Rising to the pinnacle of the sport came through hard work and resiliency by many players who had known mostly losing before capturing the game's biggest prize.
"I remember coming up in 1998 with 19 rookies," Redmond said on Wednesday during his interview session at the Winter Meetings. "It was probably a similar situation [to now]. We had coaches who taught and developed. That's what we did. We went in there and cut our teeth in the big leagues."
Redmond inherits a rebuilding situation in Miami. After underperforming and finishing 69-93 in 2012, the team is undergoing a transformation. To Redmond, there are similarities now to when he broke in as a rookie.
The Marlins won the World Series in 1997, but the championship roster was taken apart the following year. Redmond appeared in 37 games in '98 on a team that finished 54-108. Five years later, the Marlins were once again champs.
"When we won it in '03, for the guys who were there the whole time -- which was quite a few of us -- that's what was probably the most satisfying," Redmond said. "We were there in the darkest days. And then when we won it, we were there at the end. And it was so satisfying. Not just to win a World Series, but because of what we went through and all of the things we overcame."
The road back to contention will be a difficult one for the Marlins. There has been dramatic roster turnover, and the 2013 team will be substantially younger while the payroll will settle in the $40 million range. At 41, Redmond is the youngest manager in the big leagues.

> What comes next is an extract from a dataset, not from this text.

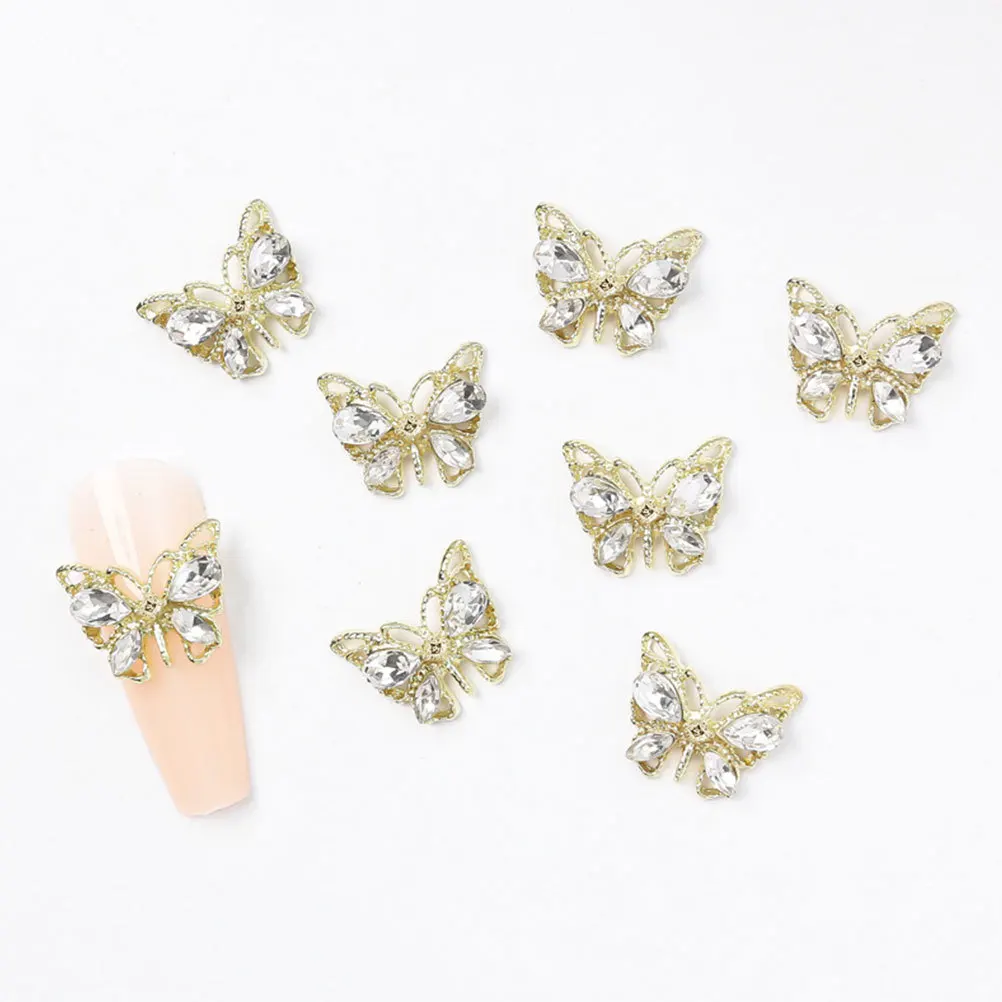 

10Pcs Butterfly Nail Charms Alloy Rhinestones for Nails 3D Acrylic Gel Nail Art Supplies DIY Decoration Rhinestones for Nails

After managing two seasons in the Blue Jays' Minor League system, Redmond is getting his first big league managing break.

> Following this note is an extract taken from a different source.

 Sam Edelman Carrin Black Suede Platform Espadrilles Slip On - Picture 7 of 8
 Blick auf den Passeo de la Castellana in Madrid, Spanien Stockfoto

"Obviously, I knew the organization was not happy with the 93 losses, and that there was going to be some changes," said Redmond, who replaced Ozzie Guillen on Nov. 1. "I knew that going in. We've picked up a lot of great young players. We're starting with a clean slate. We're going to be able to go out there and develop these young players."
Only two position players from the 2012 Opening Day roster are expected to be in the lineup for the '13 opener -- Giancarlo Stanton and Logan Morrison. And the rotation features one established veteran, Ricky Nolasco.

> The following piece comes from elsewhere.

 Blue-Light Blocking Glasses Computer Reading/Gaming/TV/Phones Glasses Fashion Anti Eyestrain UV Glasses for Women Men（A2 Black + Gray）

"This is a great opportunity for guys to go out there and establish themselves as Major League players," Redmond said. "That's what we're going to do. We're going to go in there, we're going to teach and we're going to change the culture. We're starting off fresh. I'm excited for it."
The culture change will involve an attention to detail and willingness to sacrifice and play the game with passion.
"We have to talk a lot," Redmond said. "We're going to have to communicate. I think part of what made me as a teammate and what made me as a manager is my communication. I like to talk to guys. I'm going to be super positive. We're going to work hard, but we're going to focus on playing the game the right way. I'm not afraid during the course of a game to make sure that we're doing that.
"We're going to focus, and if we focus and talk about running balls hard, playing every pitch, executing our pitches, then that's how we change a culture. We've got to be relentless, we've got to work harder than every team. We have to be better defenders. We're going to have to work harder on our defense. We're going to have to work hard in the cage. We're going to have to pitch better. That's how it's going to be, and it's going to have to be a laser-like focus in Spring Training. It's not about, hey, writing a lineup, throwing it up on the board and saying, 'Let's go get 'em.'"
Managing personalities also will be a big part of Redmond's job. One of his tasks is to make sure Stanton and Nolasco -- who both have been part of trade speculation -- buy into what the team is striving to establish.
Redmond understands the frustrations of Stanton and Nolasco, who are both upset over the high number of traded players.
"When guys get traded, it hurts," Redmond said. "Because you're losing friends, you're losing teammates, you're losing guys that you've come up with maybe through the Minor Leagues or whatever.
"You know, it's tough. But at the same time, too, as players, you have a limited time to go out there and establish yourself. I know that when we get out there and we start focusing on baseball, everything is going to be fine."